Get the most out of log home stain and seal by properly cleaning before application. Be sure to read and understand the manufacturer’s instructions of the product to be used.
Here are a few simple ways to clean logs before applying the stain and seal to ensure a long lasting finish.
Use a medium bristle brush or even a broom to brush off all dust, dirt and pollen.
If you need to wash the logs use as little water as possible. Some people like to hose down or power wash their logs – I do not recommend this. Generally the idea is to keep water off of your logs as much as possible. Hosing down and especially power-washing can do more damage than good.
There are people that promote power-washing and prey on uniformed log home owners and are more than happy to take your money. Power-washing is neither wise nor safe. The likely damage, both visible and hidden, can cost you dearly for years. Power-washing can damage chinking be it synthetic or mortar based, damage or rip out caulking, and force water at high velocities into checks, cracks and other areas it should not be. I will address the dangers of power washing in a separate article. Suffice it to say that power-washing a log home promotes rot. Don’t do it.
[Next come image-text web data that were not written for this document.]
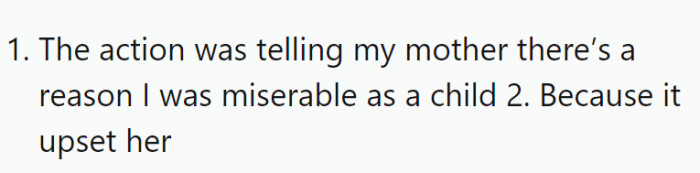 OP has offered the following explanation for why they think they might be the a-hole: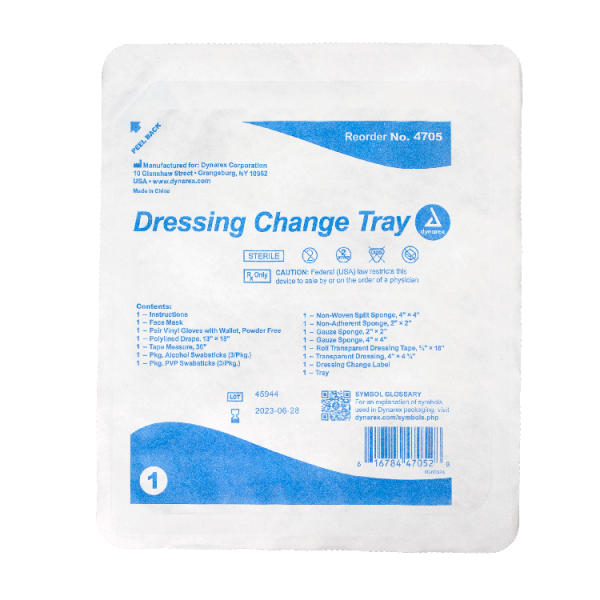 Dressing Change Tray Kit #4705 - Image 2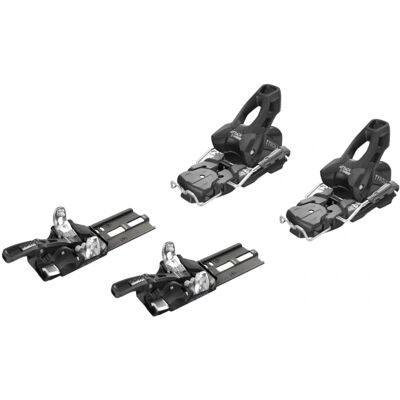 Skibindung Tyrolia Attack Hybrid 11 MN/PT Brakeless (Black/Silver - Ohne Bremse) Skibindung Tyrolia Attack Hybrid 11 MN/PT Brakeless (Black/Silver - Ohne Bremse)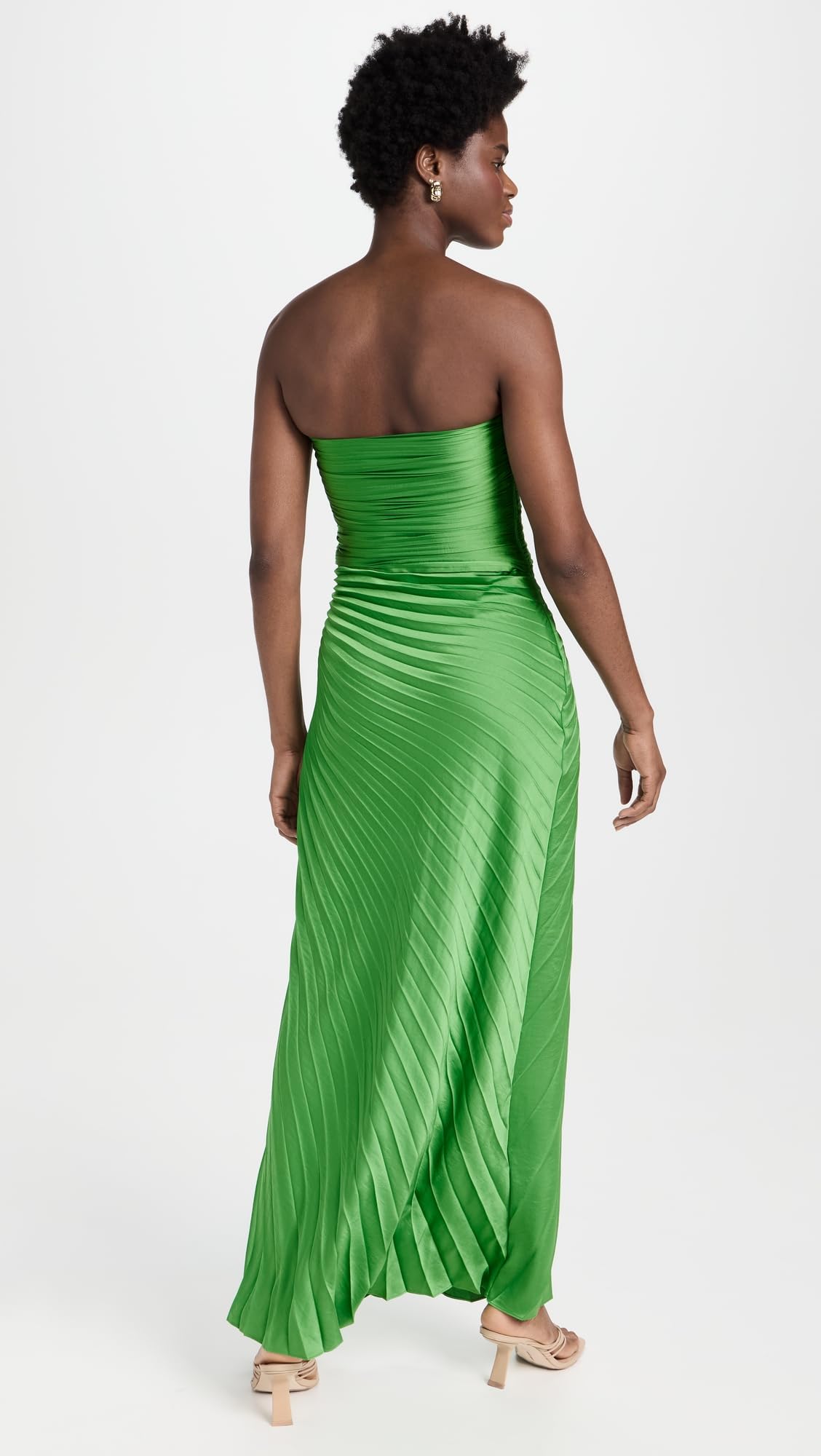 A.L.C. Women's Emerson Dress, Basil, Green, 0
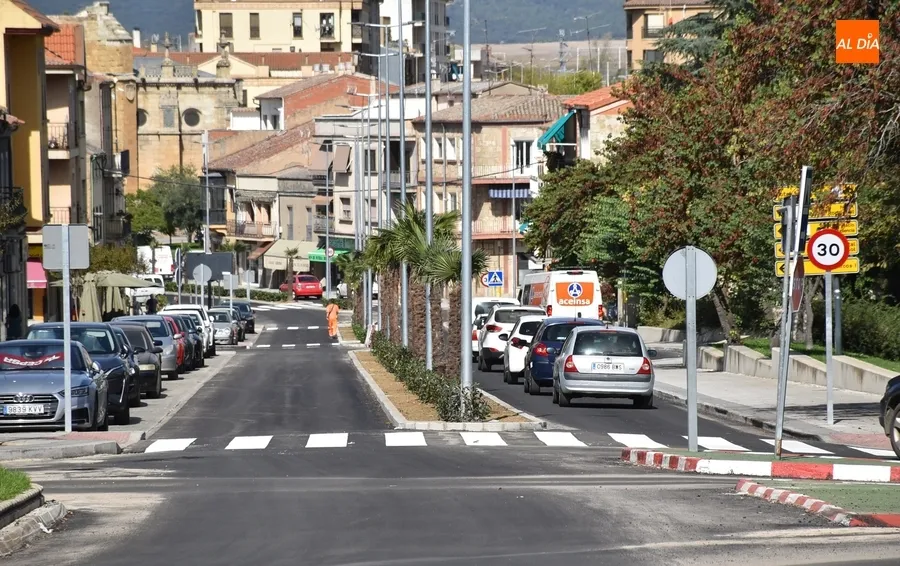 Foto 10 - Renacen los pasos de cebra de la Avenida de Espa&ntilde;a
If you really need to spray down a large area quickly use a spray bottle or simple hand pump garden sprayer and then get the area wiped down quickly.
Treat your logs as you would fine furniture. You certainly would not power-wash an antique dining room table. Be gentle.
Clean warm water applied with a damp cloth should take care of most dirt. Wipe down the area with a damp cloth and let dry. If you need to use a cleaner I suggest using a mild detergent in warm water and a damp cloth. After cleaning rinse the area with a clean damp cloth and let dry.
For stubborn areas I’ll mix a solution of TSP in warm water and spot wash the log. To make the mix use 1/2 cup of TSP (Tri-Sodium Phosphate) in a bucket with 2 gallons of warm water.
If there is a stubborn stain or or I want to brighten the wood I’ll use about a 1/2 cup Cascade powdered dishwasher soap in a 1/2 gallon of warm water. Apply the mixture to the area liberally with a clean cloth and let it sit for a few minutes before wiping it off with clean warm water and a clean cloth. Sometimes I’ll use a medium bristle brush to scrub the area with the Cascade mixture.
Cascade will brighten the wood. It does not raise the grain like some cleaners do.
If I have a particularly bad stain I’ll make a thick poultice or paste of Cascade and warm water, apply and let sit for a few minutes. Rinse and then wipe off the area with a damp cloth.
To remove sap stains one reader has suggested using Pine Sol which they have used to effectively clean sap from saw blades.
If the logs have become a bit gray and weathered a light sanding should remove the gray. After lightly sanding I’ll clean with just a damp cloth or one of the methods suggested above and let dry.
No matter what method you use to clean your logs sure that they are thorougly dry before you apply your log cabin stain and seal finish. Providing a clean dry surface will provide better results.